An excavation and subsequent watching brief by OA East on land to the rear of Thingoe House, Northgate Street, Bury St Edmunds, revealed a stratified sequence spanning the medieval to modern periods.

Much of the site, especially within the floodplain, was utilised for gravel extraction and rubbish disposal in the 12th-14th centuries. In addition to the extensive quarry pits, evidence of a medieval kitchen range extending back from Mustow House was uncovered, represented by numerous ovens/hearths. An adjacent pit contained a smashed but almost complete Grimston jug and a high density of charred barley and other cereals. By the later medieval to early post-medieval period (16th-17th centuries), presumably after the Dissolution, encroachment onto the backplots had begun, indicated by the presence of a number of rectangular buildings and associated flint-and-mortar lined cess-pits.

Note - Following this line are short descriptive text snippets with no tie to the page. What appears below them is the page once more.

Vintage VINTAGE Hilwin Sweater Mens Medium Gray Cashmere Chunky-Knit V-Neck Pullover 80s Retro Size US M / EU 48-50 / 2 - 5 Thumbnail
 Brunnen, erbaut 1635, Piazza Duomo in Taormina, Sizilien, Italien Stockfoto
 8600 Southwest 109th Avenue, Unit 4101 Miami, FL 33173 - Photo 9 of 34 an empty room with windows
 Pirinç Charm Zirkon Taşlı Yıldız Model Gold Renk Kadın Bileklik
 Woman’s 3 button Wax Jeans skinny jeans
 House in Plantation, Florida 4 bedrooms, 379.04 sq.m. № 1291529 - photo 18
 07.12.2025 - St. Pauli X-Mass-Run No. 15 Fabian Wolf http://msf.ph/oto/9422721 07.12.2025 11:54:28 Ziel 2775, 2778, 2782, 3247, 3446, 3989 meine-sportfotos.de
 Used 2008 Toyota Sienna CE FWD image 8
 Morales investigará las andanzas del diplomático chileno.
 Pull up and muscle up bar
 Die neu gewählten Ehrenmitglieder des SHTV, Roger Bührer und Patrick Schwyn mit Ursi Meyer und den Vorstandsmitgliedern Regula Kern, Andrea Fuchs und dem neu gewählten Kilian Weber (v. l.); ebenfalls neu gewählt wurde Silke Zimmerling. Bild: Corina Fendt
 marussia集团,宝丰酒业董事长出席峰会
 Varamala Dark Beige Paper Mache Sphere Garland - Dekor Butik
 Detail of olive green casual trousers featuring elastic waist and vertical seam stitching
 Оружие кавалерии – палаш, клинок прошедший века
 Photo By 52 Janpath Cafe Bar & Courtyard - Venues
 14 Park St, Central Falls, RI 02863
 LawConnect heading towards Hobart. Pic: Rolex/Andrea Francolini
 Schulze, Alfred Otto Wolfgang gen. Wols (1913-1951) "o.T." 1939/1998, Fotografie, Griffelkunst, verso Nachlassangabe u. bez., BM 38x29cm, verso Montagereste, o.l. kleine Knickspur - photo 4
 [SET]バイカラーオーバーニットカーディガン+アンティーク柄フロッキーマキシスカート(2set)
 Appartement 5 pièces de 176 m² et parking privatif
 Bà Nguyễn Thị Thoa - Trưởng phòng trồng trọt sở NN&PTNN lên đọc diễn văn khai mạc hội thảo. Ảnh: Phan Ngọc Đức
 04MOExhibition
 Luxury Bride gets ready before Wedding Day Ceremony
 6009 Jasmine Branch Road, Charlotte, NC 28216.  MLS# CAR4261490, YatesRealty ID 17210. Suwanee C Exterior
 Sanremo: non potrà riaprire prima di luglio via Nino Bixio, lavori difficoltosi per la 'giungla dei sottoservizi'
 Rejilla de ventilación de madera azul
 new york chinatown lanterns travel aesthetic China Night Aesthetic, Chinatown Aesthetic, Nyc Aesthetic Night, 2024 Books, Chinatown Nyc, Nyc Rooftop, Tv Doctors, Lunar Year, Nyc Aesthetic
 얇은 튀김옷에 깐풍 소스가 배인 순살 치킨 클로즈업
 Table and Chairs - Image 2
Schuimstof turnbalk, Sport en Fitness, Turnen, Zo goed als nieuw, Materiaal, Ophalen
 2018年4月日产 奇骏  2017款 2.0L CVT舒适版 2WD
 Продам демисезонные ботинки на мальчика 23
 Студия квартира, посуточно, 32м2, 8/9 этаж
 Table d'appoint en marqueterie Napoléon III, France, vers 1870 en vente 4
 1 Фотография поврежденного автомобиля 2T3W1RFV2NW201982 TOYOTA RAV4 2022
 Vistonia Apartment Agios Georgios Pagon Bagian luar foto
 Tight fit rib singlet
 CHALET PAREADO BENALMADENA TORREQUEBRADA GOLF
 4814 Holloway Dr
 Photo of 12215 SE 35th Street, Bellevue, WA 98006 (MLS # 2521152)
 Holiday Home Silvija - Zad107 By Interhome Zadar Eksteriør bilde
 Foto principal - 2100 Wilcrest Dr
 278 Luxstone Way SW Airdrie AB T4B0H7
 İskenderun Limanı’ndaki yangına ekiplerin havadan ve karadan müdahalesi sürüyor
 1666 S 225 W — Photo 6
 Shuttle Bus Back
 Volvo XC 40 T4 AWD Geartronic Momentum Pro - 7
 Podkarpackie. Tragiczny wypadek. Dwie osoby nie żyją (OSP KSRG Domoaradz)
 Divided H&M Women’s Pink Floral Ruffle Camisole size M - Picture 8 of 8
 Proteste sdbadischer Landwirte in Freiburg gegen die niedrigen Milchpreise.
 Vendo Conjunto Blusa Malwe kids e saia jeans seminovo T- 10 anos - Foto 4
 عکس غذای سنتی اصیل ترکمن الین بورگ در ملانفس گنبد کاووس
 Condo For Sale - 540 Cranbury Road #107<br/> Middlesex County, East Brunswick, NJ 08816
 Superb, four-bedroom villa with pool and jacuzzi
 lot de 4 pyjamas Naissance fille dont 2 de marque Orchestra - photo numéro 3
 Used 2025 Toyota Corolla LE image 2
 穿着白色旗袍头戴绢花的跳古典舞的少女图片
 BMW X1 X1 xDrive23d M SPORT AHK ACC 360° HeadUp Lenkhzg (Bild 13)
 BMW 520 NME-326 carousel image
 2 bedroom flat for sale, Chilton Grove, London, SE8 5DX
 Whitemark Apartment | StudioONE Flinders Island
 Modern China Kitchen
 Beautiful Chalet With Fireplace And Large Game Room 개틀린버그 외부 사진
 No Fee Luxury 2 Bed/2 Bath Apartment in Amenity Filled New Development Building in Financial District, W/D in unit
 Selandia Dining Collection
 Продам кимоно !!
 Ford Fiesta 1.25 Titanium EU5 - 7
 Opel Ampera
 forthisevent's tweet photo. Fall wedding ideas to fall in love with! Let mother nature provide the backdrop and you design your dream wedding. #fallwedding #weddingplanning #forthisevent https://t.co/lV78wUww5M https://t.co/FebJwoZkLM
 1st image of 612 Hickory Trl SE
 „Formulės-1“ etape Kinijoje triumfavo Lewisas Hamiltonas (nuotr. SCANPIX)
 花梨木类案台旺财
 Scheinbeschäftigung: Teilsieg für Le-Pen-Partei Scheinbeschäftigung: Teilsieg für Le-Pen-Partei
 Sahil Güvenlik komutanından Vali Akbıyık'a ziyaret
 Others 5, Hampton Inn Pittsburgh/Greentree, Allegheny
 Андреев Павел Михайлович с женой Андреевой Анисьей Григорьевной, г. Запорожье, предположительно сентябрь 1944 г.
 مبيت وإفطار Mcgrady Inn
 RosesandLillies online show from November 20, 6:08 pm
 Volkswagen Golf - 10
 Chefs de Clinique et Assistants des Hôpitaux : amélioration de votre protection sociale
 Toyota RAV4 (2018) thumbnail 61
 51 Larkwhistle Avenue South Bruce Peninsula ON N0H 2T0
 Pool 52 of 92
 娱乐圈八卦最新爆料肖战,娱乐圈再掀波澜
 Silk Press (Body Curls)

The rectangular cess-pits were internally-rendered and between 1m-2.2m deep and, although largely infilled with demolition rubble, the primary 'cessy' deposits have produced a wealth of mineralised remains that can tell us about the diet and living conditions of the inhabitants. Food remains include grapes/raisins, figs, apples/pears and possibly strawberries and cherries, found alongside less savoury items such as fly pupae, woodlice and millipedes. Interestingly two of the cess-pits produced shards of very delicate Venetian-style glass vessels. The animal and fish bone assemblages from the cess-pits and other features will also give us a fascinating insight into the inhabitants and their activities – an unusual find is the skull of a polecat!

A beautifully-constructed stone-lined well was also revealed, which contained a complete tin-glazed apothecary jar and a group of large pottery vessels that may be early (17th century) plant pots. Numerous garden features (planting beds, paths, walls, a brick well) were also recorded across the excavation areas that span the early post-medieval to modern periods, many of which can be related to gardens depicted on 18th and 19th century maps.

The excavation was carried out for CgMs Consulting on behalf of its client McCarthy and Stone in advance of a new assisted living complex.